Topic :- Oscillation

$\maltese\:\underline{\textsf{\textbf{AnsWer :}}}\:\maltese$

We are provided in the question that, a body of mass (m) is 2 kg attached to a spring is Displacement (x) through 0.04 m i.e Amplitude (A) = 0.04 m from its equilibrium position. The spring constant (k) is 200 N/m.

We need to find the following quantities :

Time period (T) = ?

Frequency (n) = ?

maximum Velocity = ?

maximum Acceleration = ?

First let's find the frequency (n) of the given body.

$\longrightarrow\:\:\sf n = \dfrac{1}{2\pi} \sqrt{ \dfrac{k}{m}}$

$\longrightarrow\:\:\sf n = \dfrac{1}{2\pi} \sqrt{ \dfrac{200}{2}}$

$\longrightarrow\:\:\sf n = \dfrac{1}{2\pi} \sqrt{ 100}$

$\longrightarrow\:\:\sf n = \dfrac{1}{2\pi} \sqrt{ 10 \times 10}$

$\longrightarrow\:\:\sf n = \dfrac{1}{2\pi} \times 10$

$\longrightarrow\:\:\sf n = \dfrac{10}{2\pi}$

$\longrightarrow\:\:\sf n = \dfrac{5}{\pi}$

$\longrightarrow\:\:\sf n = \dfrac{5}{ \dfrac{22}{7} }$

$\longrightarrow\:\:\sf n = \dfrac{5 \times 7}{ 22 }$

$\longrightarrow\:\:\sf n = \dfrac{35}{ 22 }$

$\longrightarrow\:\: \underline{ \boxed{\sf n \approx 1.59 \: Hz }}$

Now, we know that frequency is nothing but reciprocal of time period :

$\dashrightarrow\:\:\sf n = \dfrac{1}{T}$

$\dashrightarrow\:\:\sf 1.59= \dfrac{1}{T}$

$\dashrightarrow\:\:\sf T= \dfrac{1}{1.59}$

$\dashrightarrow\:\: \underline{ \boxed{\sf T=0.628 \: s}}$

For Calculating the maximum Velocity and maximum Acceleration first we need to find the angular velocity :

$:\implies \sf \omega = \dfrac{2\pi}{T}$

$:\implies \sf \omega = \dfrac{2\pi}{0.628}$

$:\implies \sf \omega = \dfrac{2 \times 3.14}{0.628}$

$:\implies \sf \omega = \dfrac{6.28}{0.628}$

$:\implies \underline{ \boxed{\sf \omega = 10 \: rad/s}}$

Now, let's calculate the maximum Velocity of the given particle.
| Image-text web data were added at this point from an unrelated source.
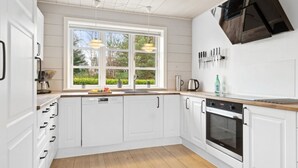Eine moderne Küche mit weißen Schränken, einem eingebauten Backofen und einem großen Fenster, das für natürliches Licht sorgt.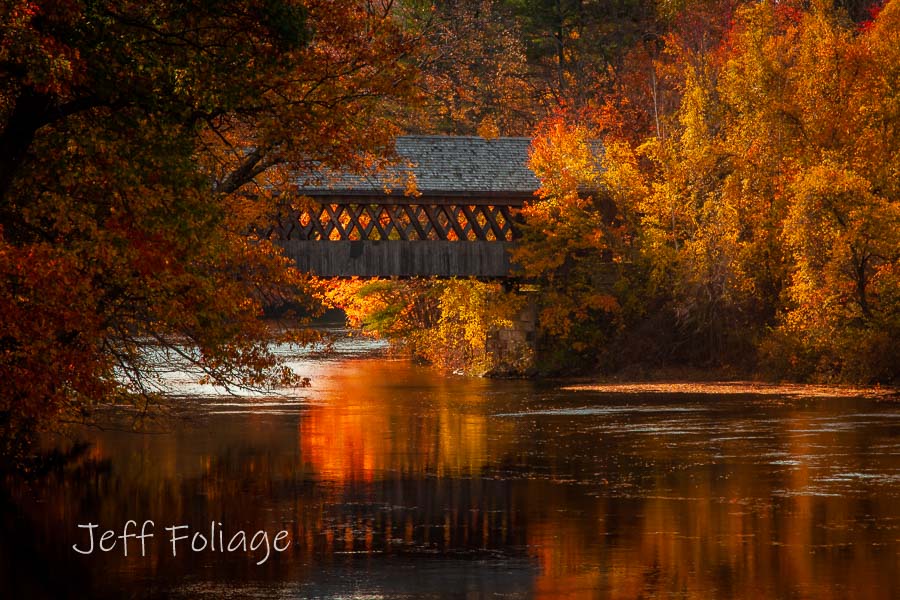 The fall colors surround the Henniker covered bridge in New Hampshire. 
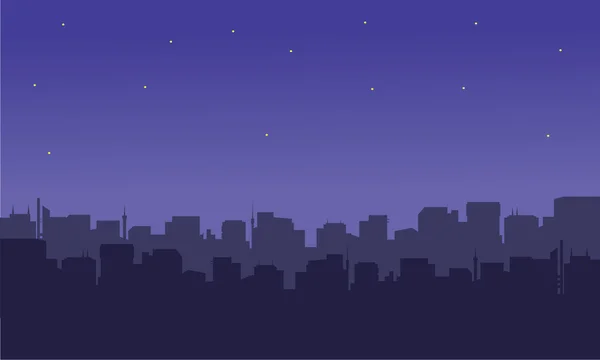 Silueta de la ciudad con una estrella — Vector de stock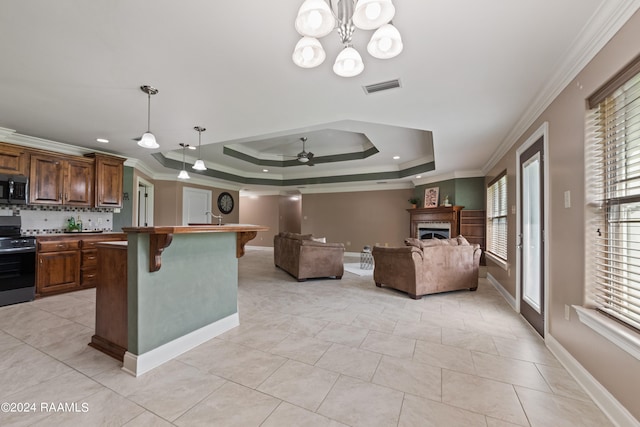 kitchen featuring appliances with stainless steel finishes, ceiling fan with notable chandelier, pendant lighting, a kitchen bar, and ornamental molding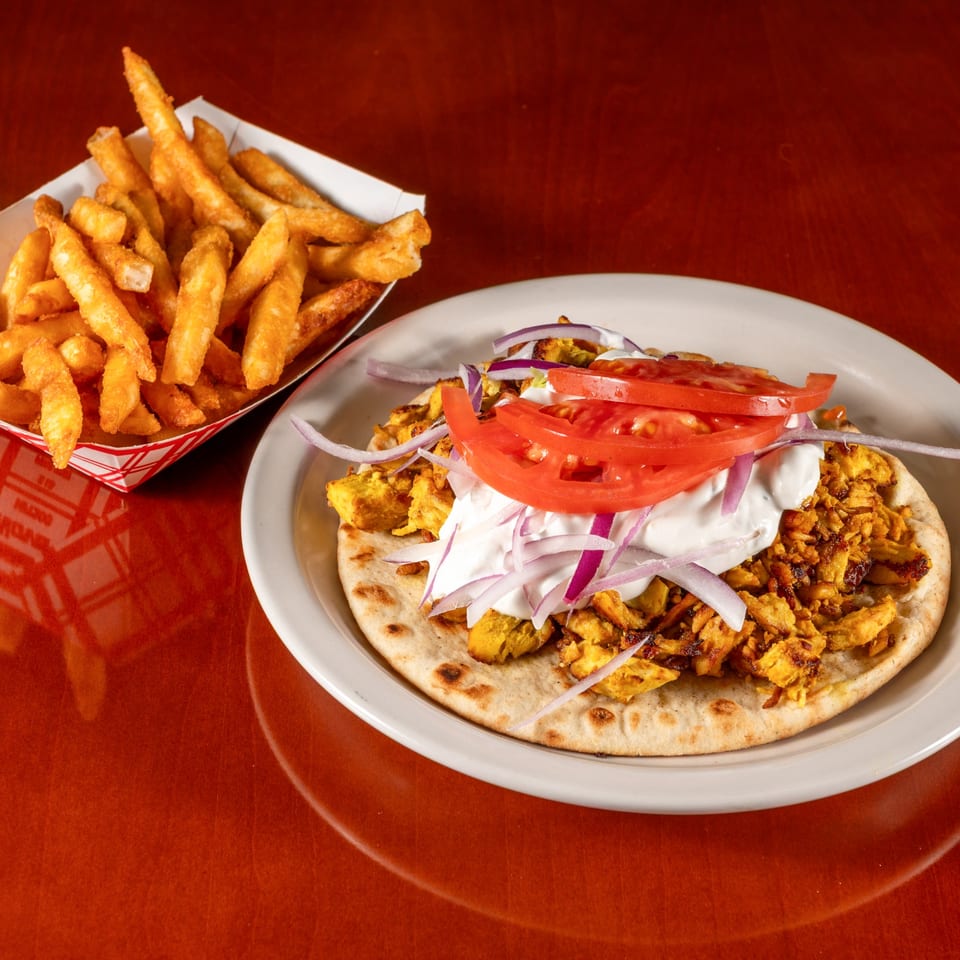 Cedar Grill's chicken shawarma on pita with tomatoes, onions, and sauce, served with fries.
$\longmapsto\:\:\sf V_{max} = A \omega$

$\longmapsto\:\:\sf V_{max} = 0.04 \times 10$

$\longmapsto\:\: \underline{ \boxed{\sf V_{max} = 0.4 \:m/s}}$

Now, we need to find the maximum Acceleration of the given particle.

$\leadsto\:\:\sf A_{max} = - A \omega^2$

$\leadsto\:\:\sf A_{max} = - 0.04 \times (10)^2$

$\leadsto\:\:\sf A_{max} = - 0.04 \times 100$

$\leadsto\:\:\sf A_{max} = - 0.04 \times 100$

$\leadsto\:\: \underline{ \boxed{\sf A_{max} = - 4 \: m/s^2}}$